## WHAT THE TASK ASKS:
Everything from the "Happy new year" line to the final line of the listing should be written out exactly. Skip the pictures.
SUPPLIED INFORMATION Block Start
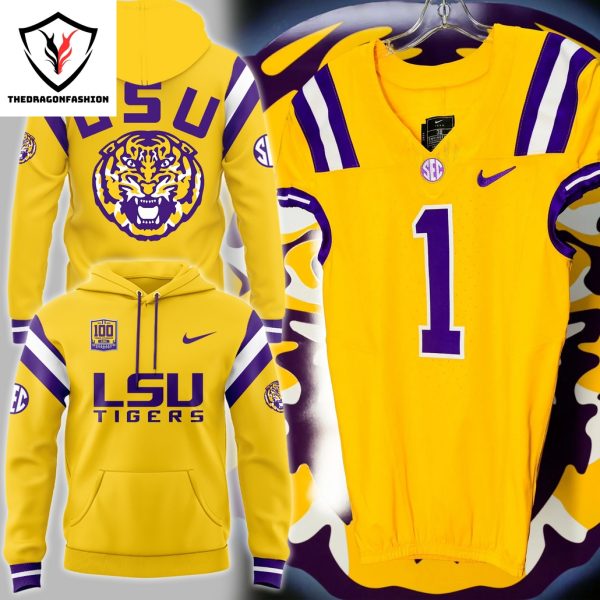 LSU Tigers 1924-2024 Logo Design Hoodie – Gold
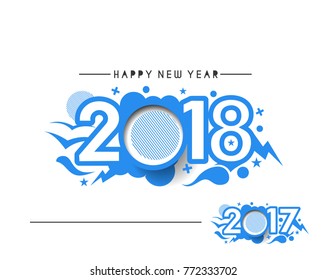 Happy new year 2018 Text Design  patterVector illustration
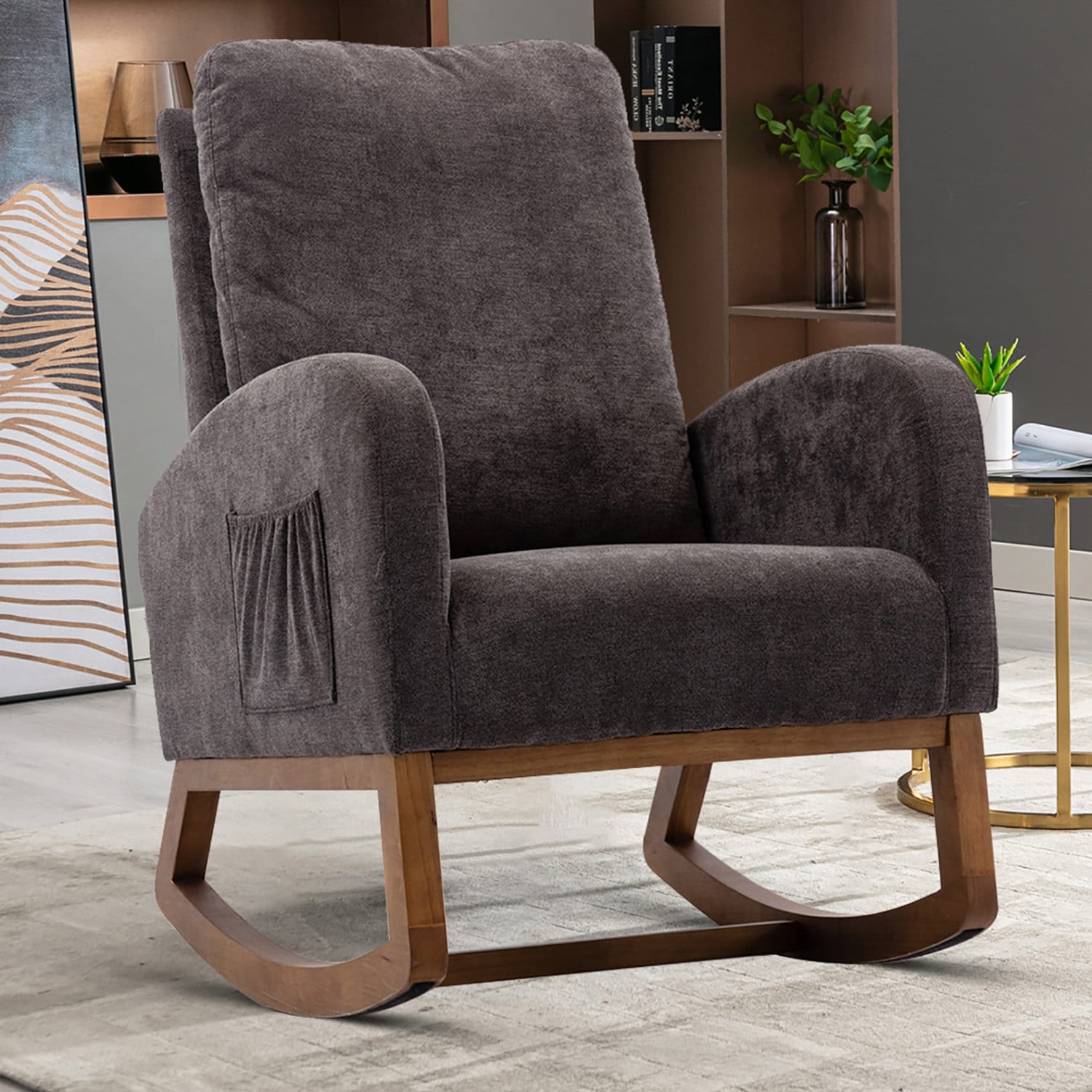 Mid Century Modern Rocking Chair for Living Room Nursery High Backrest Cozy Armrest Solid Wood Frame Dark Gray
SUPPLIED INFORMATION Block End
## TASK OUTPUT:
 Happy new year 2018 Text Design  patterVector illustration
 Mid Century Modern Rocking Chair for Living Room Nursery High Backrest Cozy Armrest Solid Wood Frame Dark Gray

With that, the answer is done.